KAMM – Cookie Policies

KAMM Cookie Policies review

I was speaking with Amir Abdullah, owner of the 180 Proof imprint, last week and in non-chalant conversation he reminded me of something. Nobody is really buying club music during COVID. A light went off in my head: Who wants to be reminded of halcyon days at the club-like just last year-while stuck at home, battling those fascist regimes, starting with the current White House administration? Jazz, rock, funk, soul—these are the genres backlogging vinyl pressing plants internationally. Google those facts and you’ll find it’s the chicken soup battling a global depression. Worried souls are panic buying their memories, yearning for a simpler time has ignited vinyl record purchasing, ballooning it to an all time high, many months in advance of the holiday season.

Of course, KAMM—the infrequent-operating electronic rock outfit—would deliver a timely project, finely in accord for the space between two earbuds, the year dancefloors went cold and patrons of the arts took it to the streets, fighting for justice. Loosely organized in San Francisco and then solidified circa 2012 in Berlin, this four-man band is a composite of veteran DJ alchemy. Years of selecting, mixing, and producing the “big tunes that go boom” after midnight runs through this clique. But right now, posse-ing up collectively as band members proves to be another type of superpower. As one cohesive unit, Dave Aju a.k.a. Marc David Barrite, Alland Byallo, Kenneth Scott and Marc Smith a.k.a. Locksmith, they scrap the dancefloor turn-up.

Ice-breaking, self-deprecating jokes about their name [Kinetic Abyss of the Micro Micro, Kill All Mediocre Music or Kindly Ask My Mother] get created by the group. They may make jokes, but this band is not kidding around. Those arrangements feature Barrite, handling another cherry engineering job—he’s an in-demand entity around L.A.—on prominent lead vocals, Byallo curmudgeonly pushing out those trumpet notes, Scott on synth bass and Smith coloring with guitar sections, all top notch.

Cookie Policies, the second iteration of all KAAM on deck, wiggles about, jimmy rigging like a busted compass taking uncharted sonic adventures. Wide ranging, beaucoup with moves, they dial up free jazz frequencies, indie rock outlines met with bass foundations, and a squee bit of that electronic thump in the night. Released on Circus Company, the Parisian upstart imprint, these tracks, strut with gravitas. That heavier, aged, elder statesman tone, peacocks about, sprouting its grey whiskers with pride.

Kick Drunk Love, their first collaborative mini-album released in 2016 through Marcel Vogel’s Amsterdam-based Intimate Friends imprint, captured their first presentation; feeling out the space, working compositions with various BPMs and textures, united by a love of “the early to mid-’90s MoWax catalog.” Cookie Policies says eff that. Persistently shapeshifting, writing electronic lullabies like “Rachel, the Largest Bullfrog” over here, to other-sounding expansive fusion communiques. That tunnel density of “CCBPGC” or the aquatic imagery of “Schleem” only comes about, by way of adventurous spirit and hubris. It’s a large resounding project with vivid, smeared colors. They never back down, shifting from the familiar to WTF strange and unhinged. In the same dang song.

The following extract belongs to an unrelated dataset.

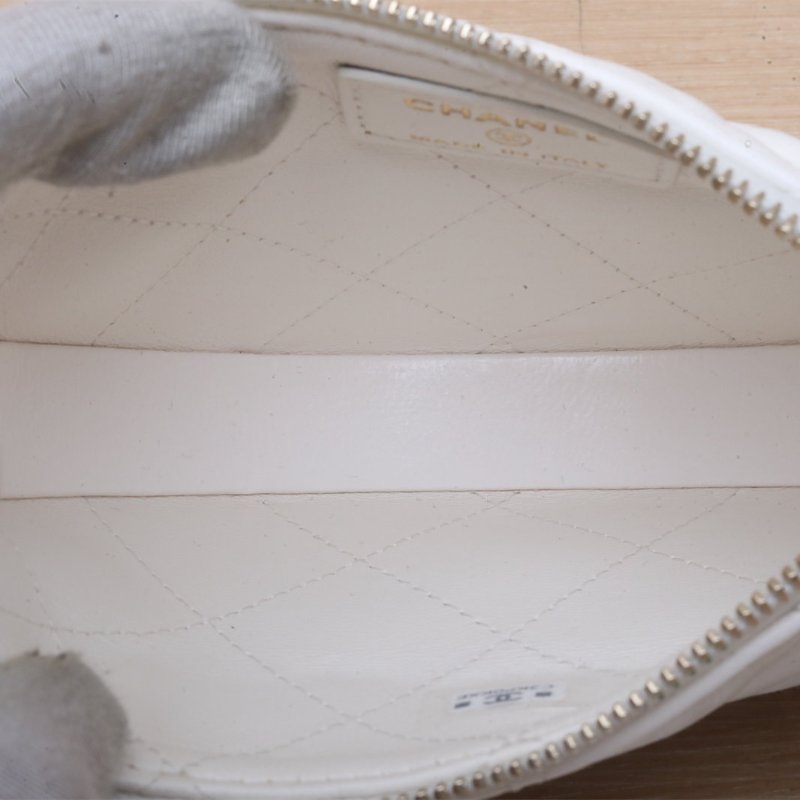 CHANEL 25A超Mini呼啦圈月牙包白色鐳射標金扣皮穿鏈滾邊肩背包-2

“Buckle Down” the “did you learn your lesson” 21st Century sad-banger trip, guides vocalist Aju down old paths with revised thought patterns: “She called out your name/But you couldn’t hear/Too much noise out there/She called out your name.” It’s the emotional center of the record. Slippery contrition designed into a head-nod procedural. Exiting with rubbery slump. Byallo’s “till next time” phrasing on trumpet. Sorrow never got so much funk-face.

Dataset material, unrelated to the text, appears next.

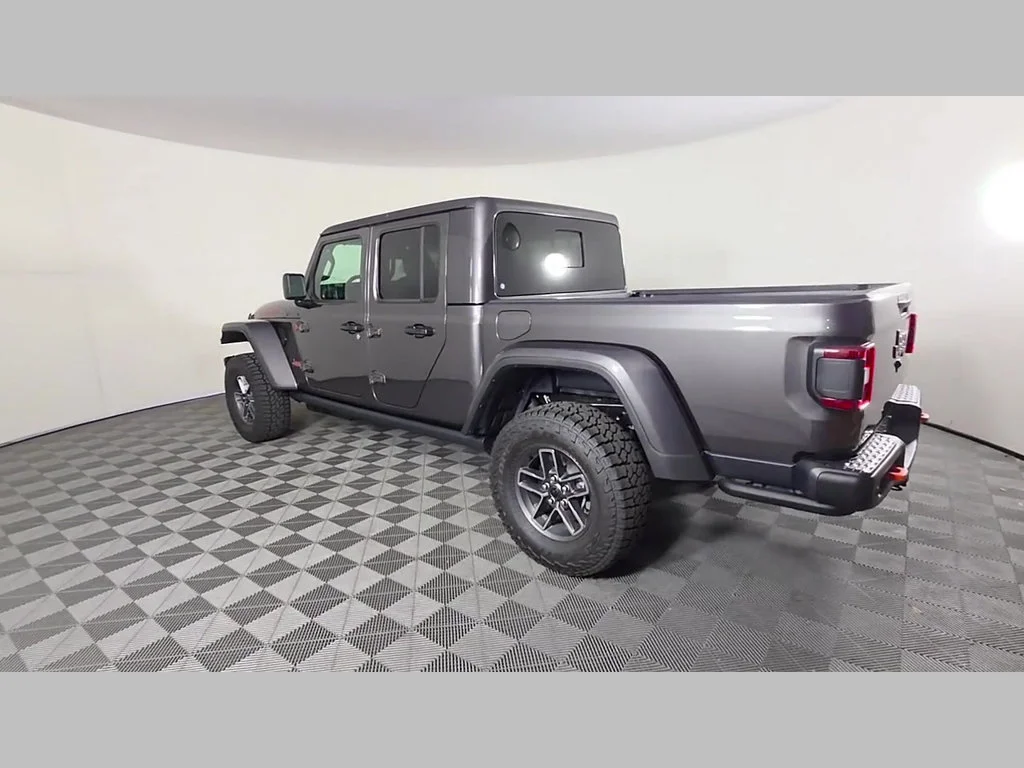 New 2026 Granite Crystal Metallic Clear-Coat Exterior Paint Jeep Mojave X image 33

You can get lost on the closing “Soft Glow of Electric Sex” amid “Pink Floyd, Can, In A Silent Way-era Miles and Liquid Liquid” energy mentioned in their presser. I cheated on that 13 minutes of wonder. Fast-forwarding did happen. I had no idea how the boys were gonna stick the landing for what seemed like pulsating confusion. But with four minutes and change left, they bust up the cosmic laser 4/4 tempo, downshifting into a half-time pocket of evergreen comfort. Should have known better. Getting out of your comfort zone for a second leads to good things. Hey America, just maybe, somewhere, in there, a political metaphor exists. If not, welp, hearing this band reunite in 2020, for their second go-round at the project, somehow reflecting the uncanny times we currently mask-up in, kinda fits.